:: The data ::

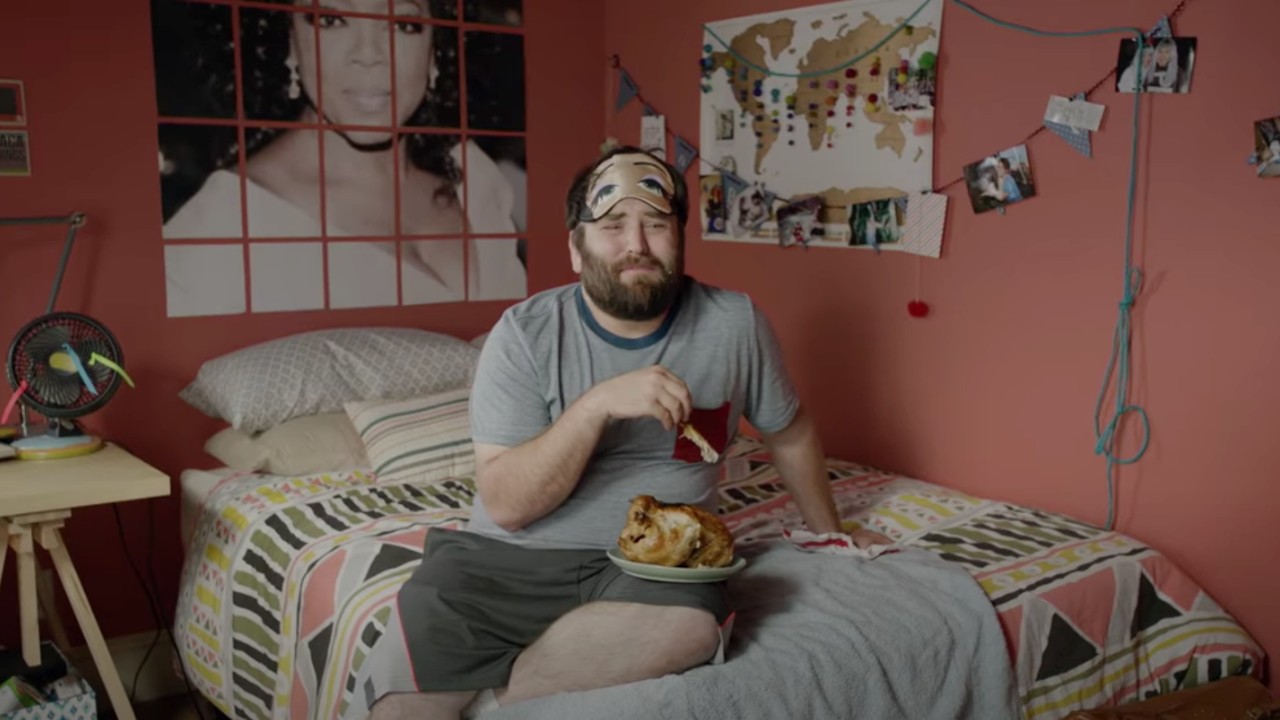 Bevers hanging out in Abbi's room in Broad City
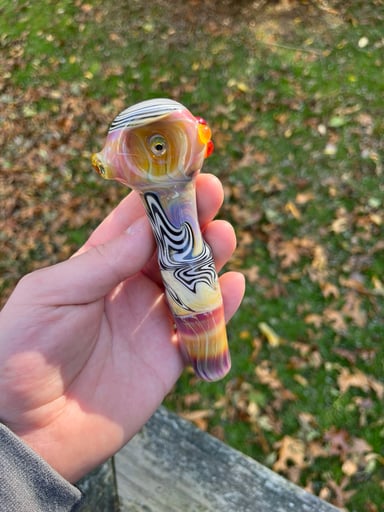 Preview pic of Black & White linework spoon pipe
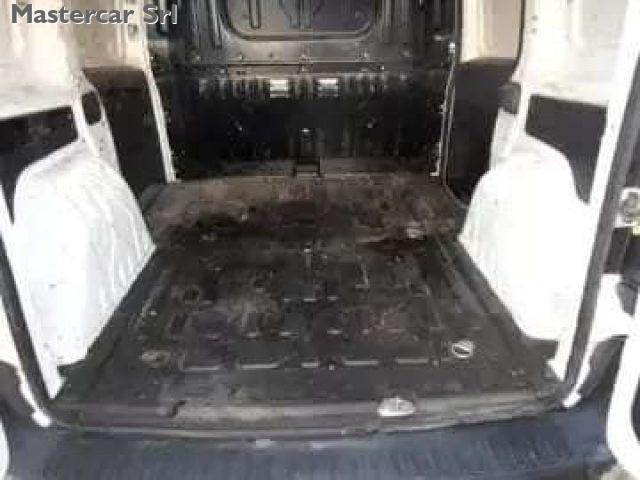 FIAT Doblo CARGO 1.6 Multijet 16v SX 105cv E6 - FY071YE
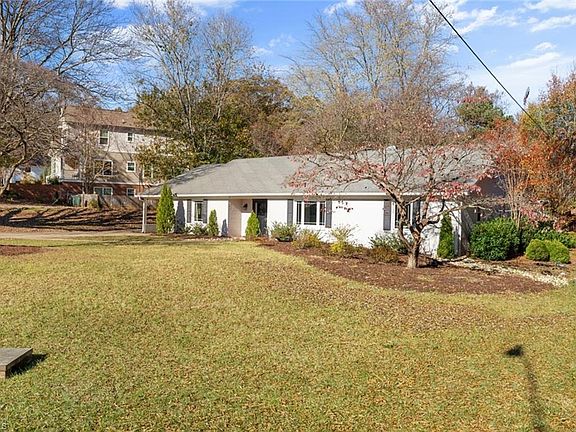 3rd image of 3615 Herchel Ln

:::

Write the material out again exactly as it appears, dropping the pictures.

 Bevers hanging out in Abbi's room in Broad City
 Preview pic of Black & White linework spoon pipe
 FIAT Doblo CARGO 1.6 Multijet 16v SX 105cv E6 - FY071YE
 3rd image of 3615 Herchel Ln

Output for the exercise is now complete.